Here the job is to retype the data word for word while leaving the pictures aside.
Supplied material: Begin
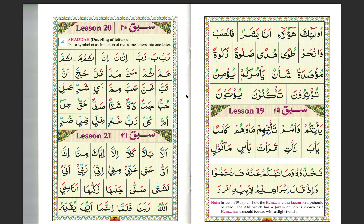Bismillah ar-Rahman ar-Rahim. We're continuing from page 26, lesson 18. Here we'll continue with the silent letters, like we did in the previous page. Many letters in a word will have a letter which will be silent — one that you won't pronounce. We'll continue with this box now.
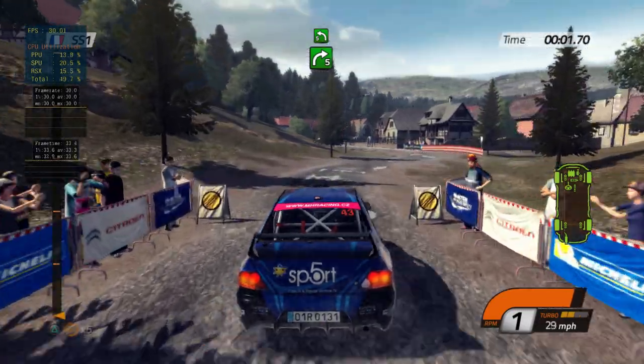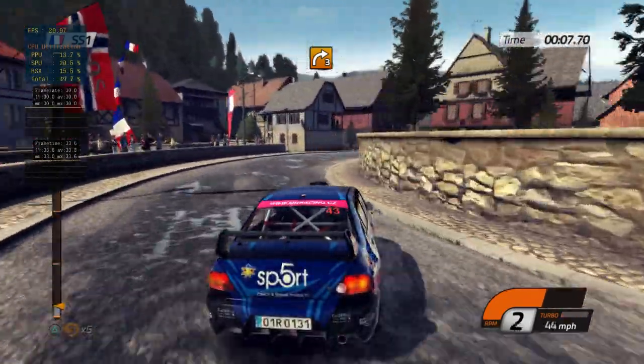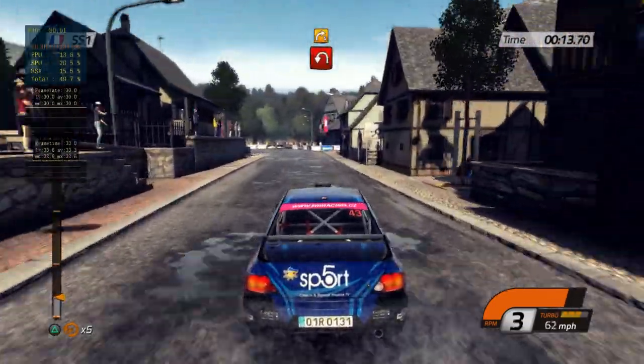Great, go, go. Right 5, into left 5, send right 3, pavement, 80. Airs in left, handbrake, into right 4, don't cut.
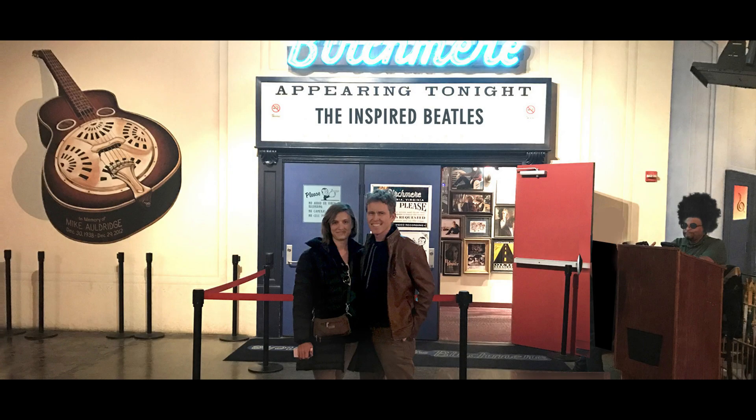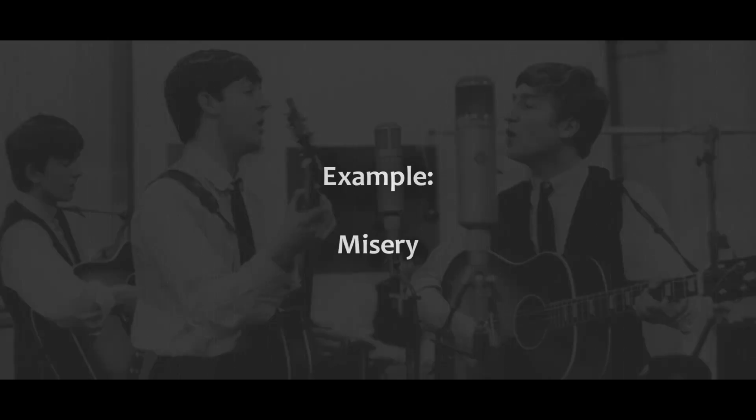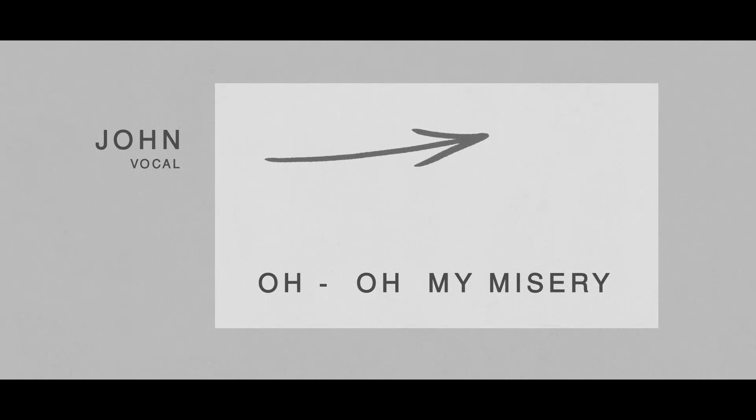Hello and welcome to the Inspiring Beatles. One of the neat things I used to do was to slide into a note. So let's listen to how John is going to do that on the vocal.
Supplied material: End
* Result for this task *
Bismillah ar-Rahman ar-Rahim. We're continuing from page 26, lesson 18. Here we'll continue with the silent letters, like we did in the previous page. Many letters in a word will have a letter which will be silent — one that you won't pronounce. We'll continue with this box now.
Great, go, go. Right 5, into left 5, send right 3, pavement, 80. Airs in left, handbrake, into right 4, don't cut.
Hello and welcome to the Inspiring Beatles. One of the neat things I used to do was to slide into a note. So let's listen to how John is going to do that on the vocal.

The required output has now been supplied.